Pablo Picasso was a Spanish painter, and though born in Spain in 1881, he spent most of his working life in France. He is one of the most influential artists of the 20th century and he worked in a wide variety of styles, some of which he developed himself and others with the close cooperation of his circle of artist friends. He was the co-founder of the Cubist movement, the co-inventor of art collage. He also produced works in his own unique artistic style as shown in the vast array of art he produced.
His early works were painted in a realistic style, but he went on to experiment with many other ideas and techniques. He was influenced by Matisse in his later years, leading him to experiment on more radical styles. The two artists became good friends but also congenial rivals and they were regarded by the art world as the two most important artists of their time and the leaders of modernism.
His works are usually divided into periods.
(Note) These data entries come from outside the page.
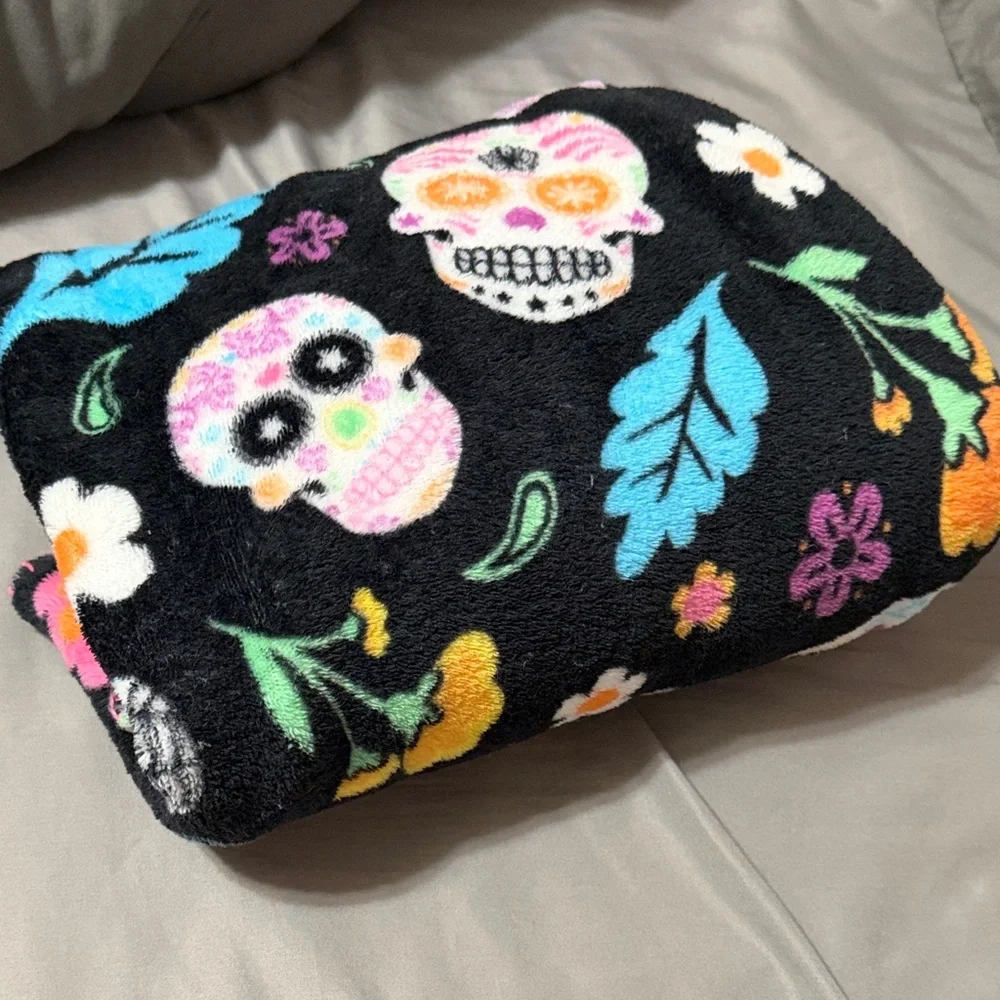 Way To Celebrate skull de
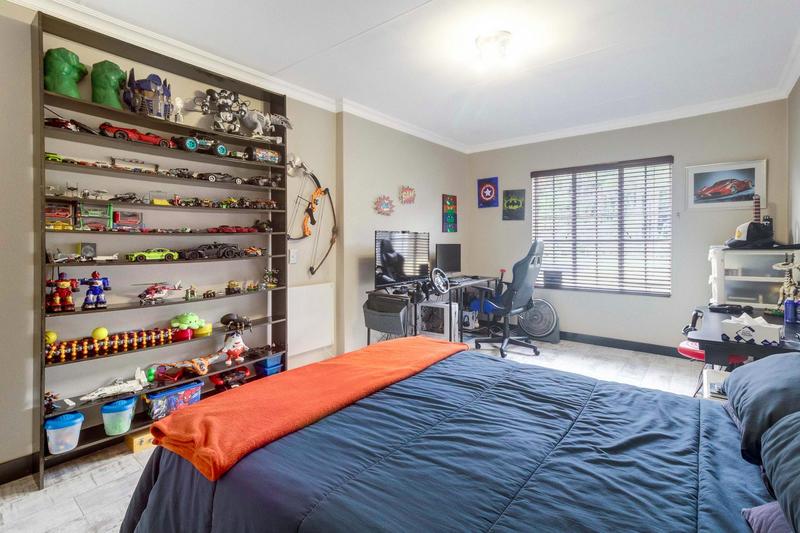 4 Bedroom Property for Sale in Zonnehoewe A H Gauteng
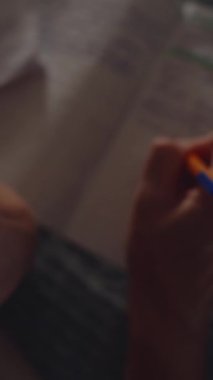 Yatağın üzerindeki genç kadın bir deftere yazıyor. Kamera açılır. Dikey, Sosyal Ortam.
The 'Blue Period (1901 – 1904), the 'Rose Period' (1904-1906), the 'African-influenced Period' (1907–1909), 'Analytic Cubism' (1909–1912), and 'Synthetic Cubism' (1912–1919), also referred to as the 'Crystal' period.
Much of Picasso's work of the late 1910s and early 1920s is in a neoclassical style, and his work in the mid-1920s often has characteristics of Surrealism. His later work often combines elements of his earlier styles.
He was extremely prolific and his art is widely known. He is regarded as one of the most influential and renowned artists worldwide. He was still working up to the time of his death in 1973.